Voilà quatre jours que Narcisse et Édouard s’occupent à abattre et à fendre du bois : aussi vais-je avoir un bûcher bien garni.

Au milieu de ma solitude, j’ai eu ce matin un événement bien agréable, à savoir la visite de l’horloger[1]. Il m’a encore parlé du temps (qu’il trouve toujours beau), mais comme je dormais encore à moitié, je crois avoir perdu deux ou trois rognonnements de la fin. Quel dommage ! en voilà maintenant pour quinze jours ! C’est long à attendre.

Je suis bien aise que les Récits mérovingiens t’amusent ; relis-les quand tu auras fini ; apprends des dates, tu as tes programmes, et passe tous les jours quelque temps à regarder une carte de géographie.

Ma lettre t’arrivera demain soir au moment où vous vous mettrez à table ; je boirai, de mon côté, tout seul, à votre santé.

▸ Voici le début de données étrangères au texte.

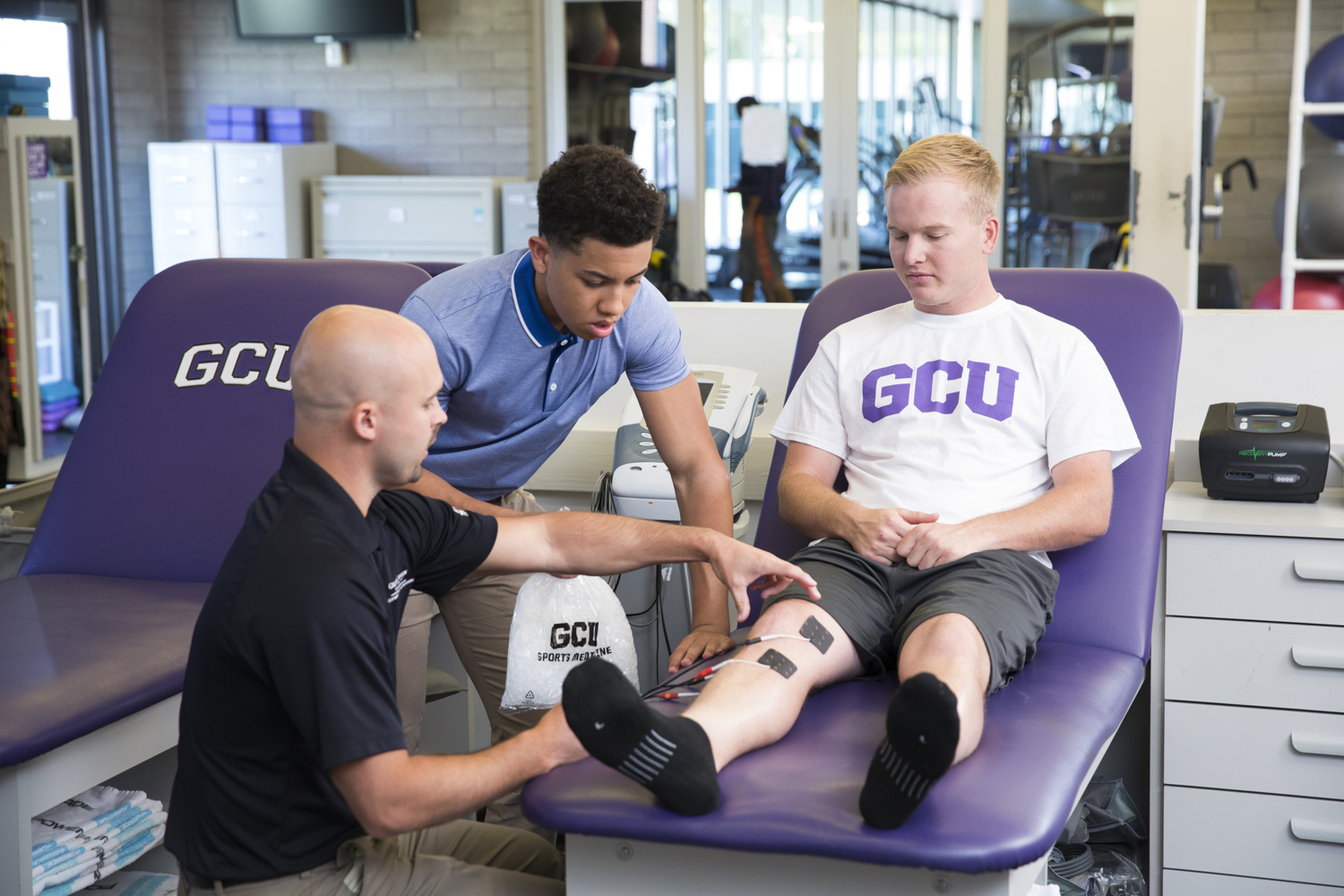 GCU Physical Therapy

Adieu, mon pauvre Caro. Sois bien gentille et pense à

Ton vieux qui t’embrasse.

  1. L’horloger, dont la visite se renouvelait tous les quinze jours, était un sujet de gaieté pour Flaubert et sa nièce. « Il avait, dit celle-ci, une perruque jaune, trop petite, sur une figure de poupard, entrait souvent pendant notre déjeuner, prenait avec des précautions infinies une chaise pour remonter la grande pendule Louis XIV, et ne cessait de faire entendre un rognonnement dans lequel on percevait les mots d’ « huile grasse,… échappements. » Il quittait l’appartement en faisant force saluts et sourires. »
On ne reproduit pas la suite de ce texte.